With that in mind, investors can largely sidestep the mistakes created by a false sense of confidence if they engage in a simple exercise: asking, "What if?" The problem is, very few investors consider the "what-if" scenarios and focus only known variables at the time. Tuesday's market decline was a quick reminder to investors that, given today's macro risks, a huge market advance -- such as the 10% rally we've seen so far in 2012 -- could well disappear in a matter of days.
So the question to ask about your investments now is, "What happens to this business if Europe explodes?" Another: "What if U.S. economic growth stalls?" The quick answer is that markets will decline, and in all likelihood so will most share prices. If you own stocks that aren't trading at overvalued prices, then you can take comfort that a decline today will give you an opportunity to add to your position.
For example, if Bank of America (BAC) falls below $7, I'm buying, because I'm focused on the value of this bank a couple of years from now. The loans the company is making today, despite the low volume, are profitable. The company's wealth-management business is thriving, and the company is going to a have a significantly reduced cost structure.
If we see a real correction in the broad market, I may also finally be able take a nibble at Chipotle (CMG) -- which, I regret to say, I passed up back in 2008 and 2009. It's wishful thinking to hope Chipotle will trade close to those prices again, but that's not what I'm seeking. Quite simply, I know this: If the economy explodes, people will still line up at Chipotle for lunch and dinner, just like they did in 2008 and 2009.
However, no matter the excitement for names such as Pandora Media (P) or Zynga (ZNGA), these types of recent IPOs should be avoided at all cost today. The valuations bestowed on these names is based on a hopeful promise of exciting things to come. Excitement may indeed come, but it's unlikely to translate into profits that justify the current valuation.
Zynga, with market capitalization of nearly $11 billion, is worth twice the valuation of Advance Auto Parts (AAP), a leading auto-parts chain with thousands of stores and more than $6 billion in annual sales. Zynga's annual revenue of $1 billion, and no profit, hardly justify the current valuation of its shares. This is not 1999; Apple (AAPL) has set the new standard for a high-growth tech company. Apple's profitability is almost doubling each year, yet it trades for 15x earnings, or 10x forward earnings, not taking into account the cash on the balance sheet.
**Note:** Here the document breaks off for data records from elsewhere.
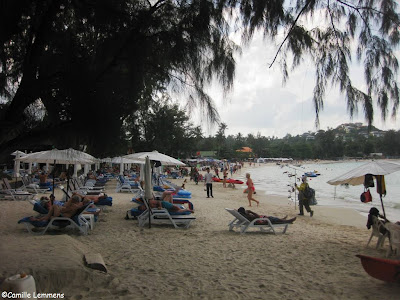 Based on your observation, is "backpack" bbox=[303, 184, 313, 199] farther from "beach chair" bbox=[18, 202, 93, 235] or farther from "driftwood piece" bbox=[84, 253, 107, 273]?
"driftwood piece" bbox=[84, 253, 107, 273]

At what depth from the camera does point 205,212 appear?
34.0ft

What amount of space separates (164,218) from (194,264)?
9.90ft

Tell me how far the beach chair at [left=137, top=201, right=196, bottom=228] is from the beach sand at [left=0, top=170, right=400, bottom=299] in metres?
0.24

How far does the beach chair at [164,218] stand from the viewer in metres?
7.61

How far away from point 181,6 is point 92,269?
3.38 meters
Investors need not get emotional or jittery. The market will most definitely experience periods of volatility in 2012 -- Europe will see to that. But the U.S. economy is on the mend, and so is the stock market. On a selective basis, stocks are attractive today. As volatility rears its ugly head throughout the year, shares that have no business trading at the valuations they now command will see their prices evaporate, leaving overconfident investors to hold the bag.